Record extracts →

*** Block opens ***

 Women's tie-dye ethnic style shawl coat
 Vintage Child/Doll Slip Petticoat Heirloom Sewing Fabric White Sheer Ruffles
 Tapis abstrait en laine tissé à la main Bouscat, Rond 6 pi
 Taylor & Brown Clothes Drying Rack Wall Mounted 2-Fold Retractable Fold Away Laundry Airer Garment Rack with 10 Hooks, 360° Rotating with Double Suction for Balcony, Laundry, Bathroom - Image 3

*** Block closes ***
*** Block opens ***

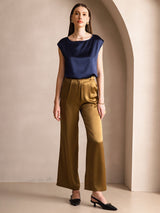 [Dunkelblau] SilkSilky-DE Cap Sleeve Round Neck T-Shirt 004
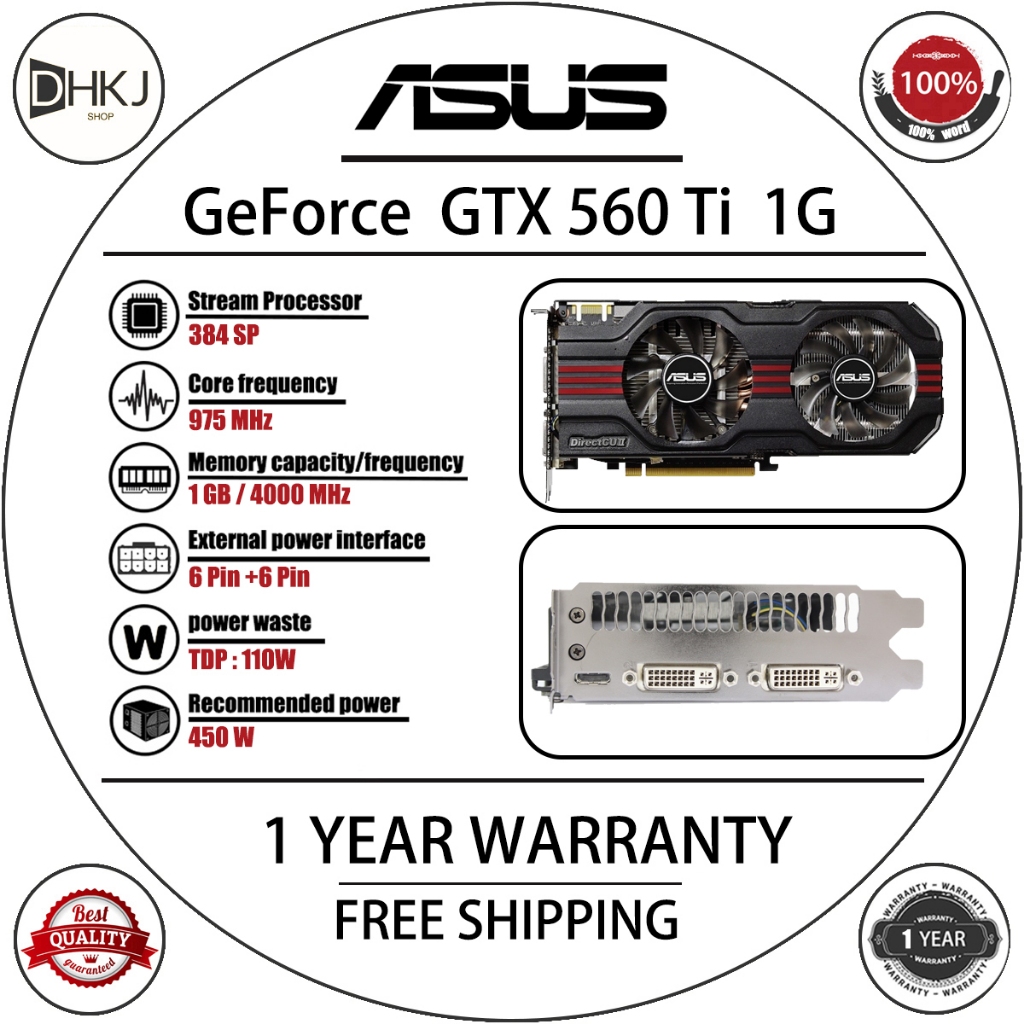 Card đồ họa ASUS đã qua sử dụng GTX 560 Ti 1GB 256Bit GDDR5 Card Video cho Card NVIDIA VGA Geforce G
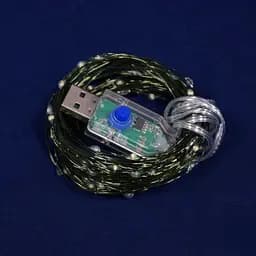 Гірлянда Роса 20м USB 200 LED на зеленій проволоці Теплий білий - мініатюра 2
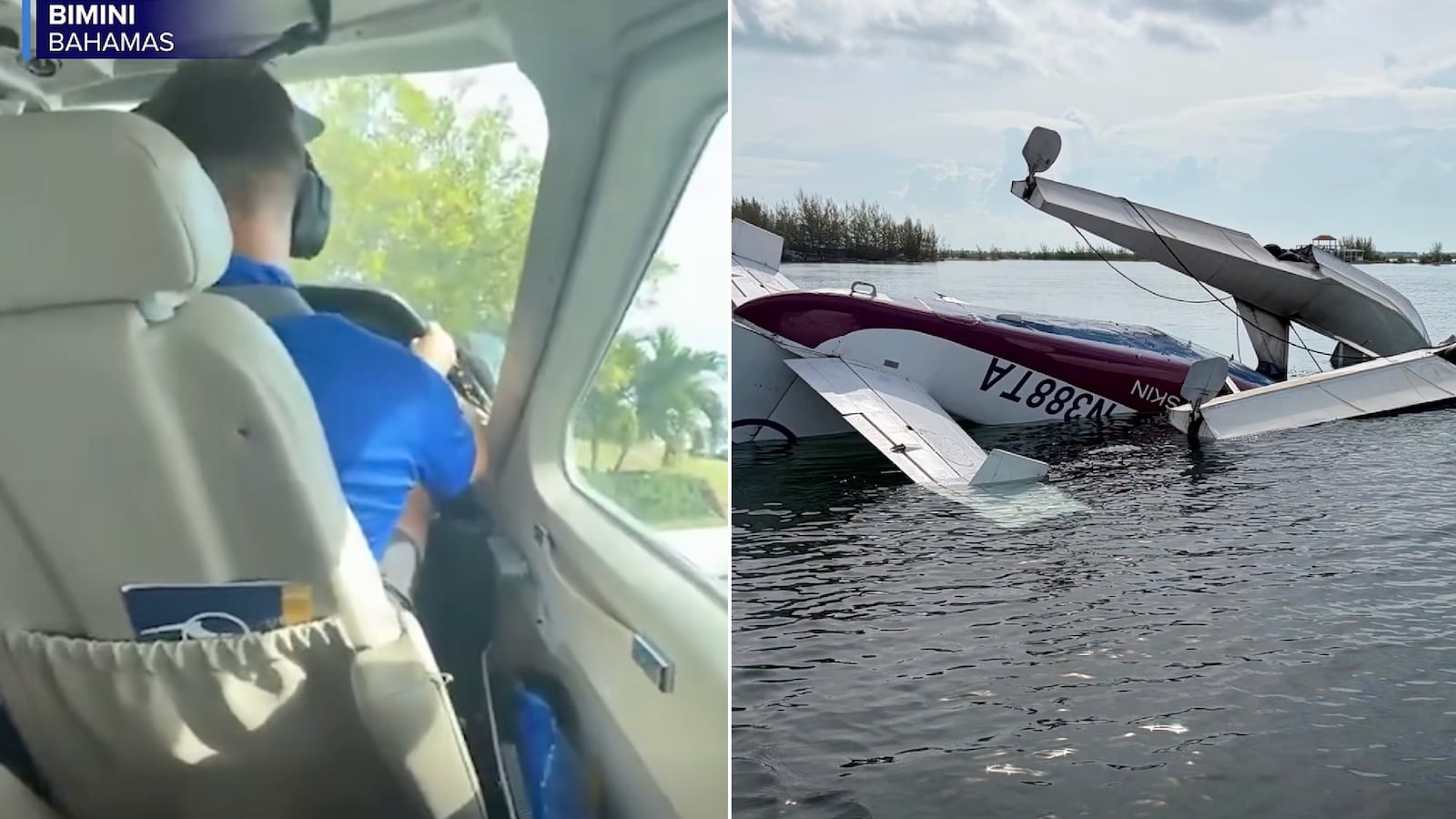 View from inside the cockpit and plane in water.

*** Block closes ***

Activity → Take exactly the lines from the one containing "Women's tie-dye ethnic style shawl coat" through the one containing "Taylor & Brown" in the data above, and output them with nothing added.

Solution to this task →
 Women's tie-dye ethnic style shawl coat
 Vintage Child/Doll Slip Petticoat Heirloom Sewing Fabric White Sheer Ruffles
 Tapis abstrait en laine tissé à la main Bouscat, Rond 6 pi
 Taylor & Brown Clothes Drying Rack Wall Mounted 2-Fold Retractable Fold Away Laundry Airer Garment Rack with 10 Hooks, 360° Rotating with Double Suction for Balcony, Laundry, Bathroom - Image 3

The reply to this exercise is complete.